Floating Point Chaos

AceInfinity

Emeritus, Contributor
Joined
Feb 21, 2012
Posts
1,728
Location
Canada
Okay, so to start this off, floating point datatypes, are not that simple. (It's true, believe it or not lol.) Most people think they know their datatypes, and floating point datatypes couldn't be simpler. They couldn't be any farther from the truth, and I would suspect that if you hear anybody saying this that they really don't know as much as they think they do. And, perhaps they are using floating point datatypes incorrectly as well; a result of know truly knowing the kind of trouble they can cause...

Another thing to note is that floating point datatypes have an integer representation that are adjacent to their float representation. To tell how far numbers are apart from each other in float space, this means you would need to calculate the delta between the 2 integer representations.

Note: This value represents the Units in Last Place that the numbers differ by, or "ULP".

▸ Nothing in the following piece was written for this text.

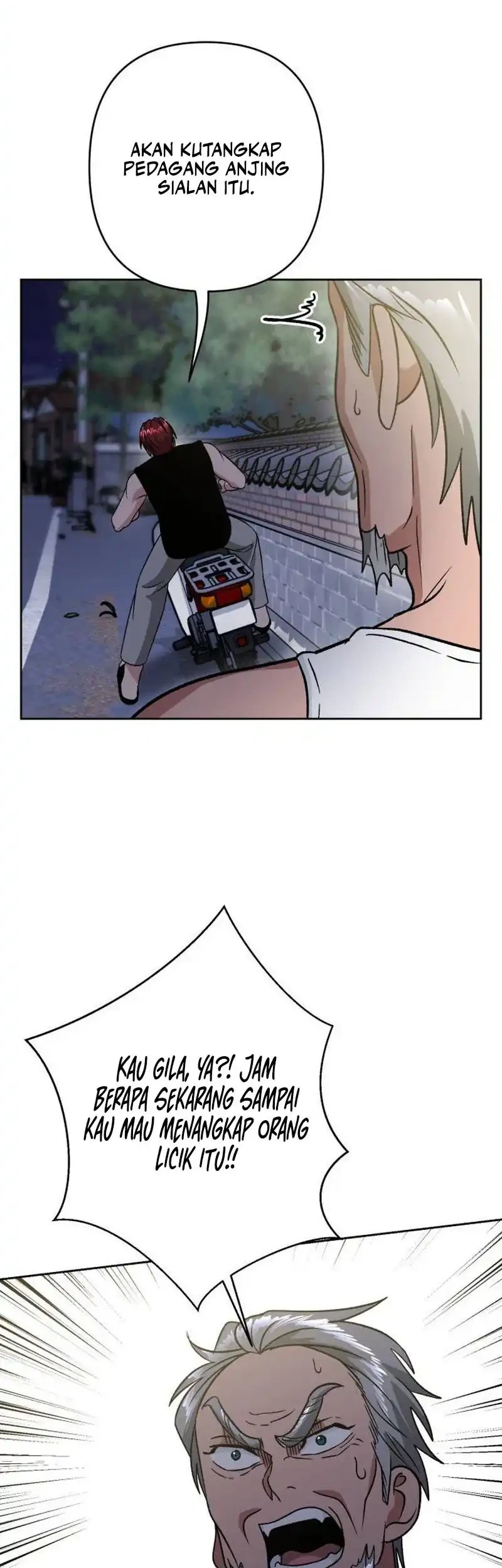 Delinquent and the Gangster Princess Chapter 7 - halaman 38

As an example, we can take the address of the first byte, for the 4 byte float value here, and use that address to cast over to an int pointer, then dereference that to get our integer representation.

Here is some code I wrote in C:
Code:
#include <stdio.h>

int main()
{
	float f1 = 130.045f;
	int* x = (int*)&f1;
	printf("%i\n", *x);
	getchar();
	return 0;
}

And now to calculate the ULP, we would need 2 integer representations, and to calculate the delta between the 2 integers, I decided to not bother with seeing which is higher, because we can simply just use the absolute value of whatever the difference is to get the ULP. A ULP will never be negative becuase it's simply a measurement of separation...

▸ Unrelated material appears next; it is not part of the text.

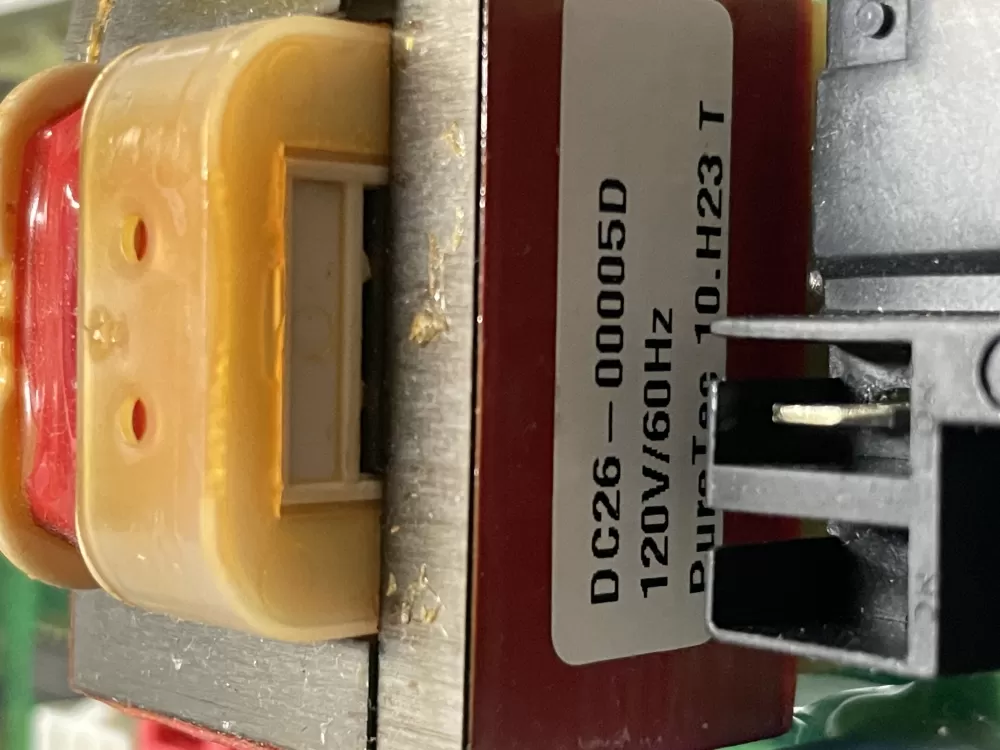 Samsung DC26-00005D Dryer Control Board AZ10119 | 809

Here is some extended C code I wrote to demonstrate this:
Code:
#include <stdio.h>

int abs(int i);

int main()
{
	float f1 = 0.6f;
	int* x1 = (int*)&f1;

	float f2 = 0.59999999f;
	int* x2 = (int*)&f2;

	printf("%.16f\n", f1);
	printf("%.16f\n", f2);
	printf("ULP: %i\n", abs(*x1 - *x2));
	getchar();
	return 0;
}

int abs(int i)
{
	return i < 0 ? -i : i;
}

IMPORTANT: The signs matter, so I don't deal with negative values here because it gets even more complicated at that point. Although, calculating the ULP for 2 different signs doesn't really make much sense.

You can however, calculate the ULP for 2 negative values, just change the signs on the above code to test, and you'll see that the result is still 1:
Code:
float f1 = -0.6f;
float f2 = -0.59999999f;

NOTE: A ULP of 1, means that these values are as close as they can possibly get, without being equal in float space. Perhaps this could be a cool way of calculating magnitude of error for floating point calculations? :wink:

The other good way to compare floating point values for equality, is to use an epsilon as a measurement of difference.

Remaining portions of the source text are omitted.